Asaph praises God. He recounts his agony, when God wasn't near or wasn't perceivable. Perceptible? You didn't know if He was there or not.
Doesn't that seem like the truth. If things aren't going well, the feeling is that God isn't there. That tells me things about our own innate sense of the Almighty. When things aren't good, you feel forsaken. Like something is missing. Like what should be there is there no longer. For Asaph, that was God, and he seemed to become obsessed. He felt like God had failed...his attributes of love, mercy and everpresence seem to have vanished. As though God was the one who was weak? And I have learned that God only does exactly what he intends to do. Is that comforting? I don't know that it's meant to be.
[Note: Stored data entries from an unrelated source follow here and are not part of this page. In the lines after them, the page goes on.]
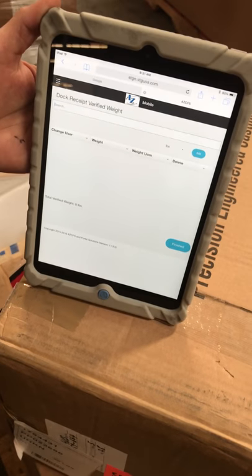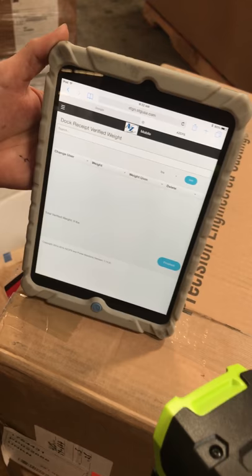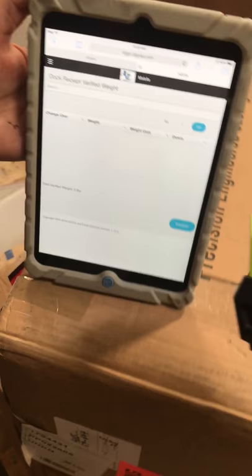Good morning. This video is showing dock receipts using the iPad iOS system with the Bluetooth scanner. Please note that these had to be programmed in order to toggle between keyboard and the RF capability. If you notice, you have to double-click the trigger in order for the keyboard to pop up.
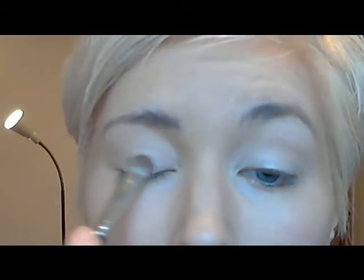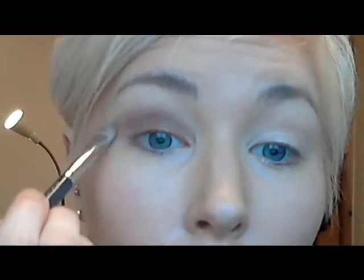To do the eyes I'm just going to zoom in slightly so that you can see it a bit better. First of all I'm going to apply Bear Study, which is a paint pot by MAC. As you can see it's got quite a sheen to it. I'm just going to put that all over the eyelid and then take the eyeshadow Antiqued by MAC. I'm just going to use a 239 brush, placing that all over the lid, bringing it up just beyond the crease and on the outer corner bringing it up closer towards the eyebrow bone.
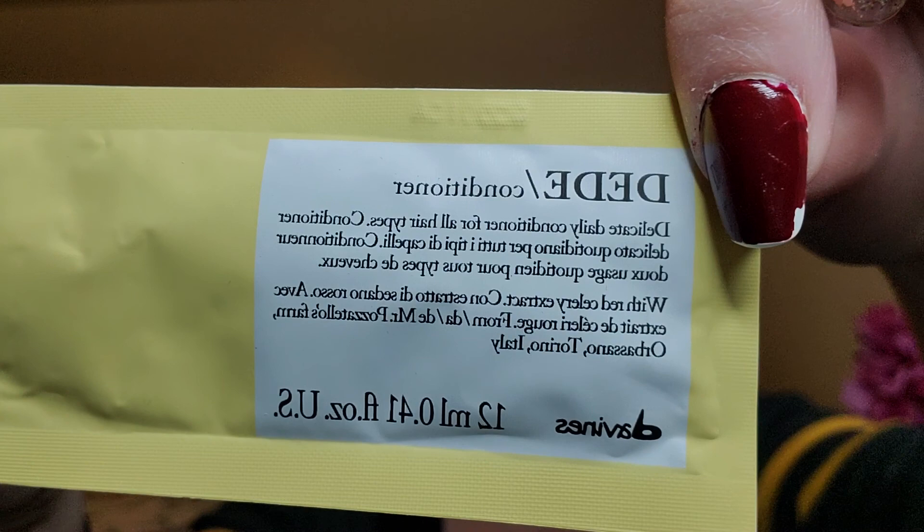We have a DD conditioner — Delicate Daily Conditioner for all hair types with red celery extract. I didn't even know there was red celery extract! I'm not going to open my own — I'll use it when I shower. It smells conditioner-y. Some shampoos or conditioners just smell so bad, but this one's really not bad at all — just a pleasant, neutral-type smell.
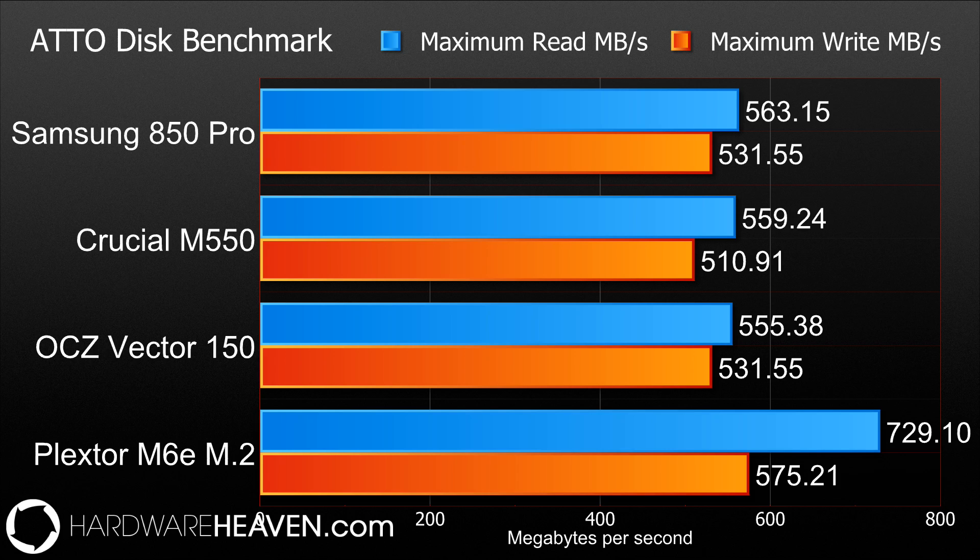Starting the performance section with Atto Disk Benchmark, you can see the Samsung 850 Pro is pretty much top of the pile. It's certainly leading in read speed compared to other SATA drives — a little bit ahead of the Crucial and about 8 or 9 megabytes ahead of the OCZ Vector. The Vector does match the 850 Pro in write speeds, but that's more a limitation of the platform rather than the drive itself, and the Crucial M550 lags a little behind on write speed. The Plextor M6e at the bottom is an M.2 drive, so if you're building a new system with Intel's Z97 platform, the M.2 drive gives a little extra performance, achieving 729MB/s read and 575MB/s write. Later in the review we'll see how those scores compare to the 850 Pro with Rapid mode turned on.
Its hard. It's a difficult thing sometimes accepting what God does or doesn't do.
Asaph's soul would not be satisfied. He mused in his heart. It's all that he thought of, restoring that sense of being one with God.
And then Asaph is like, "Well, what about all the things God has done for his people in the past?" Asaph believes God is an unchanging God, and a God who keeps his promises. Asaph understood that he was part of a nation that was being preserved, in spite of the current hardships. In fact, Israel has undergone a litany of hardships and terrible things in their journey as a nation since God called on Abraham.
It ain't easy living, but Asaph learned to trust in God's word.